My mother and I were busy preparing for our annual Hanukkah party, peeling potatoes for latkes, making the horseradish and crème fraiche dressing, maybe some homemade applesauce. Every year we make my great-grandmother’s brisket (her secret ingredient is cream of mushroom soup; only Campbell’s will suffice).

But when my mother took out the meat, we looked at each other and thought, can we really make a Jewish brisket out of corned beef? As it turns out, you can’t; we had bought the wrong kind of meat.

Corned beef is the same cut of meat traditionally used, but instead of melt-in-your mouth brisket, it was a mouthful of salt. There was no hope for this brined beef; no Campbell’s cream of mushroom soup could save it. With 15 people on their way over for dinner, we had potato latkes and sides but no main dish.
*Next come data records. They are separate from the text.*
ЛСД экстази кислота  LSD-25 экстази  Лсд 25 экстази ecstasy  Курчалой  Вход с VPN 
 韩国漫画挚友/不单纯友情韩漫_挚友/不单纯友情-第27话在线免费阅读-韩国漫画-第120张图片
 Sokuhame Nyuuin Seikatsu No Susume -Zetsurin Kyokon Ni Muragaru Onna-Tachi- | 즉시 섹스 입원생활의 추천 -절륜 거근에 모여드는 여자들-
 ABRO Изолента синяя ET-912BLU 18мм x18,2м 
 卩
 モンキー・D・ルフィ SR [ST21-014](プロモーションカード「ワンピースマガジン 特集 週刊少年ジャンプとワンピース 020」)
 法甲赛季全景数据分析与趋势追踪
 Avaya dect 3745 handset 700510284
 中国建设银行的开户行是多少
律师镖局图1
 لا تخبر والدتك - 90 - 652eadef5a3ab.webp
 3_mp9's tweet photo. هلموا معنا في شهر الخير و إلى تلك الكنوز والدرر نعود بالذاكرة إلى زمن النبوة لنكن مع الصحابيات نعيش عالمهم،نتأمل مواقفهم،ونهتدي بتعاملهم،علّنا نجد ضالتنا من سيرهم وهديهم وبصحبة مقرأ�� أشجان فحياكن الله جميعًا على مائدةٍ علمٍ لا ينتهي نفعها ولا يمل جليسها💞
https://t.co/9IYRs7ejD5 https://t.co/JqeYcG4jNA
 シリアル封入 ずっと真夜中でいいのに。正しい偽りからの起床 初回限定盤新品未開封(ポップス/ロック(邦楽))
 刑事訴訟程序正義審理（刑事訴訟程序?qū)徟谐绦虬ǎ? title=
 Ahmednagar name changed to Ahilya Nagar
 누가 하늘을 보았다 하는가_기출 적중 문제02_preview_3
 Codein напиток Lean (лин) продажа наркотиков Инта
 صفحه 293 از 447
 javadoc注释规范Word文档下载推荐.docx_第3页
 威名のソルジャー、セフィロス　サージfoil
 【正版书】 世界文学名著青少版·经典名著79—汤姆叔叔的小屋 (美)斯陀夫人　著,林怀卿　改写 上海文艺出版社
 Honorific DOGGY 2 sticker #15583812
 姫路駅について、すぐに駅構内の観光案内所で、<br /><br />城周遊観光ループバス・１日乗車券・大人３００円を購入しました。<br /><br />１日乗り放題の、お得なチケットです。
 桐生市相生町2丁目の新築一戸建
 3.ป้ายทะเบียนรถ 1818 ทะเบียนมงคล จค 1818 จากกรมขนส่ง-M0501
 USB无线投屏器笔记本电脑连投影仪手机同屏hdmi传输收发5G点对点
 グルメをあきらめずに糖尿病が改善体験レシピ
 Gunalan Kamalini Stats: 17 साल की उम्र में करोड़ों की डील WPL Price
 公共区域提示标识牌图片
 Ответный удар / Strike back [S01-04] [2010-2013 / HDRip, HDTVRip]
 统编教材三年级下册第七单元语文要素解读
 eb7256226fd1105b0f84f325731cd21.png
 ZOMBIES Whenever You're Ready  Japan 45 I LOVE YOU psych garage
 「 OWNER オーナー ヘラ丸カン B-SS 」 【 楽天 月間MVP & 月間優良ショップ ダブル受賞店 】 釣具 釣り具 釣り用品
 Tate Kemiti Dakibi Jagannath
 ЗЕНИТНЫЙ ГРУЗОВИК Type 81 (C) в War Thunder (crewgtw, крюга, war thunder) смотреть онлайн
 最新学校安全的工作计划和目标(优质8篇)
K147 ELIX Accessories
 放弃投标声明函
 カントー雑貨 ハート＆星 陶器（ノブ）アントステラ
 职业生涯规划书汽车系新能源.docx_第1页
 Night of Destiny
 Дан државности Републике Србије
So we did what any New York city Jewish family would do in a time of crisis: we ordered Chinese takeout.

Tradition is a funny thing; we hold tightly to it and when it suddenly goes up in smoke we feel disoriented. I missed my brisket that year, but there was always next year, I reminded myself.

Besides, we had other traditions to fall back on. At our house eight nights of Hanukkah didn’t mean eight nights of presents, but it did mean eight nights of family time; we had art supplies, cozy pajamas, music, chocolate — a bowlful of chocolate gelt close at hand.

My favorite part of Hanukkah has always been lighting the candles. For me moving the shamash from one candle to another is like lighting birthday candles; it generates the same excitement and awe in the power of light.

Freshman year at college was my first Hanukkah away from home and I had no menorah. I remember feeling nostalgic for the tree-shaped candle holder that needed to be polished and stripped of old wax every year before it could take its place on the windowsill at my mother’s apartment, and the falling apart but traditional holder I had watched candles tumble from so many times at my father’s house.

I was working at an environmental nonprofit at the time, and one of my Jewish coworkers asked me about my holiday plans. I said I had none. The next day, a menorah and box of candles were waiting for me on my desk. The menorah was nothing elaborate, just a slab of wood with holes in it, but the excitement was the same as I lit my candles that night and for the rest of the week. My cherished tradition had been restored.

Now as I begin my first winter on the Vineyard and Hanukkah begins, I have a new menorah. I’ll light my candles and create a little piece of home with them, and enjoy that brief moment when everything else in your life disappears and you are able to celebrate something as simple as the gift of light.